A financing scheme that draws on funding from Western donors to help developing countries shift to cleaner power generation could be mirrored for heavy industries and other hard-to-abate sectors, Egypt’s climate champion said.
Extending a Just Energy Transition Partnership (JETP) structure to sectors including steel, aluminium, cement and fertilisers made sense because of new European Union rules that would otherwise penalise developing world exporters, U.N. Climate Change High-Level Champion Mahmoud Mohieldin said in an interview.
The rules, under the EU’s Carbon Border Adjustment Mechanism (CBAM), would have “serious implications” for countries exporting to Europe, said Mohieldin.
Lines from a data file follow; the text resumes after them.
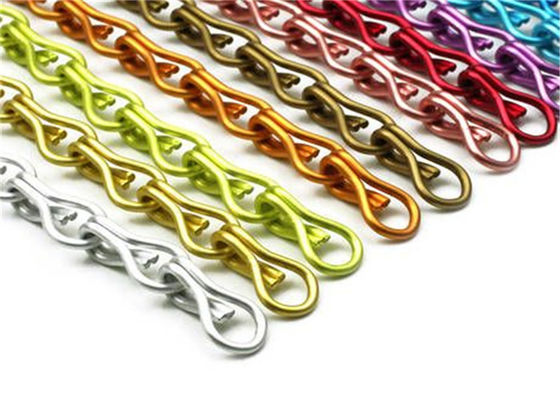 Iso leggero del collegamento a catena della mosca dello schermo della prova di alluminio degli insetti diplomato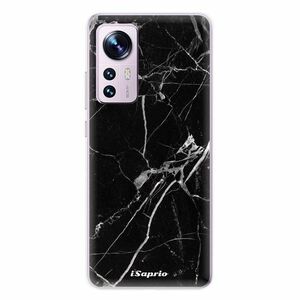 Odolné silikonové pouzdro iSaprio - Black Marble 18 - Xiaomi 12 / 12X obraz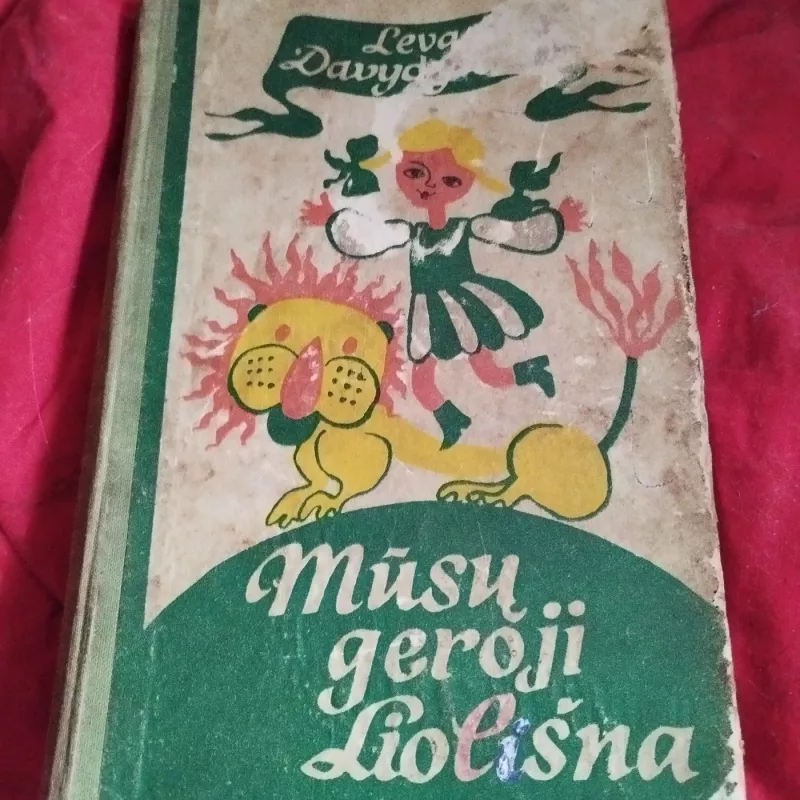 Mūsų geroji Liolišna - Levas Davydyčiavas, knyga 6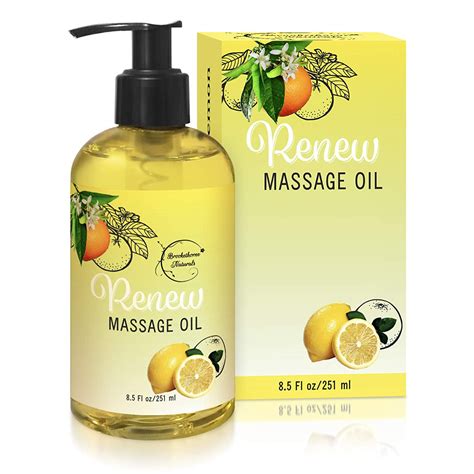 The Best Massage Oils Of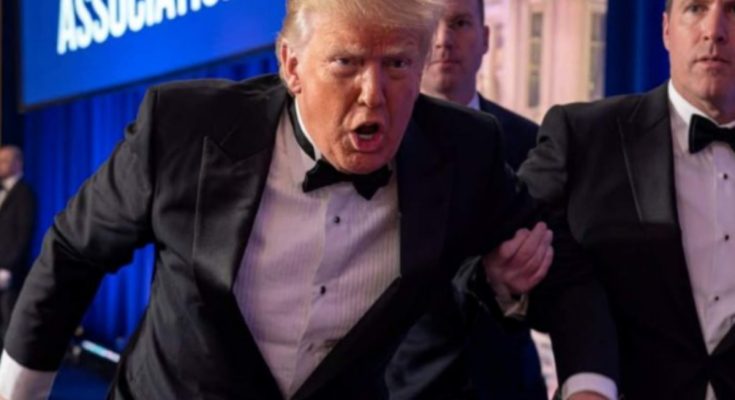 White House Correspondents dinner security incident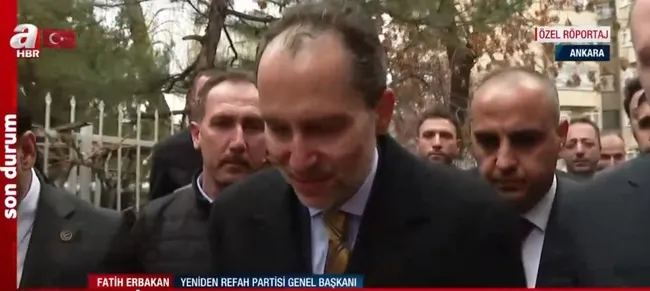 Yeniden Refah Cumhur’a katılacak mı? Fatih Erbakan A Haber’e konuştu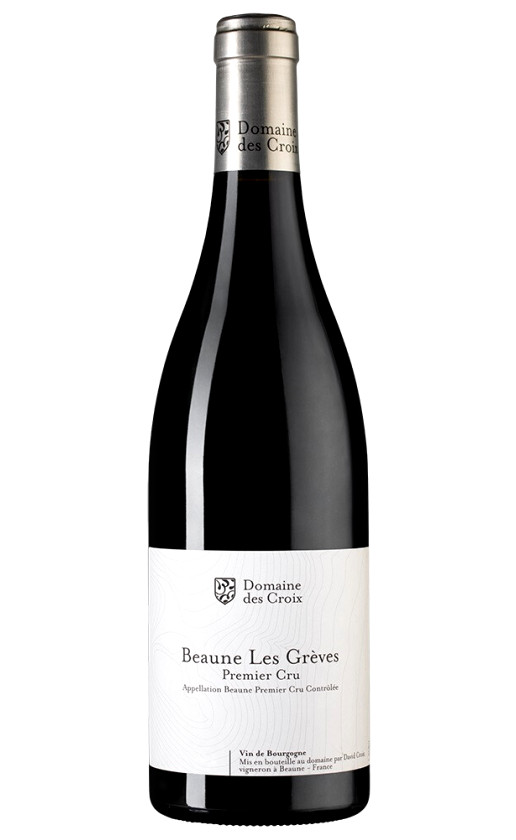 Wine Domaine Des Croix Beaune 1 Er Cru Les Greves 2018
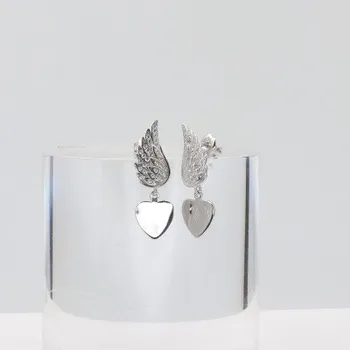 Náušnice Stříbrné náušnice na puzetu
“I’m checking countries including mine, and we see the significance of those four sectors including fertilisers during the last couple of years, they constitute a very significant share of trade of exports actually to the EU.”
CBAM is the world’s first system for CO2 emissions tariffs and would be imposed from 2026 on imported iron and steel, aluminium, cement, electricity, fertilisers and hydrogen, in an effort to encourage greener production worldwide.
JETP deals support energy transitions in countries including South Africa and Indonesia with funding made up of equity investments, grants and concessionary loans from the Group of Seven (G7) wealthy Western nations, multilateral banks and private lenders.
The progress of JETP programmes and how to mobilise more climate finance will be a focus of the COP28 U.N. climate change summit in Dubai beginning on Nov. 30.
Germany and Chile plan to launch a club at COP28 to help developing nations invest in decarbonising steel, cement and other industries.
Mohieldin said exporters to the EU in hard-to-abate sectors could try to fight CBAM through the World Trade Organization, use carbon markets, or negotiate exemptions, but in the meantime there was a chance to use investment and technology to decarbonise.
“The encouraging part is that these sectors are resourceful, they can really partner with the JETP, so they have already their funds,” he said, citing the cement industry in Egypt as an example where “catalytic funding” could accelerate decarbonisation.
“I know that Egypt is looking at this. I know that many African countries are looking at this,” said Mohieldin, who was appointed after Egypt was nominated to host the 2022 U.N. climate change summit in Sharm el-Sheikh.
A breakthrough at last year’s summit was an agreement to create a fund to help poor countries hit by climate disasters, after years of resistance by wealthy nations. Recommendations for the “loss and damage” fund, including that it be hosted by the World Bank, will be put to governments at COP28.
Despite continuing tensions between likely contributors and beneficiaries of the fund, Mohieldin said he expected it could be up and running “months if not weeks” after the summit, with pledges of $500 million as start-up capital.
“It’s not an ambitious target, but it’s a realistic target,” Mohieldin said, citing an estimate that the cost of loss and damage already exceeds $150 billion annually.
Developing countries have proposed the fund unlocks at least $100 billion by 2030. European and U.S. officials have declined to say how much they will put in the fund, with some developed countries pushing for financing from a variety of sources including potential taxes on sectors like shipping or aviation.
Focusing on the cost of such last resort loss and damage funding could push people “back up the chain” to address past failures to adapt to climate change and mitigate greenhouse gas emissions, Mohieldin said.
“If we started to get the figures right on the loss and damage, in the reverse order people will pay more attention to adaptation, and if they realise more what they are spending on adaptation, they will be doing better on mitigation.”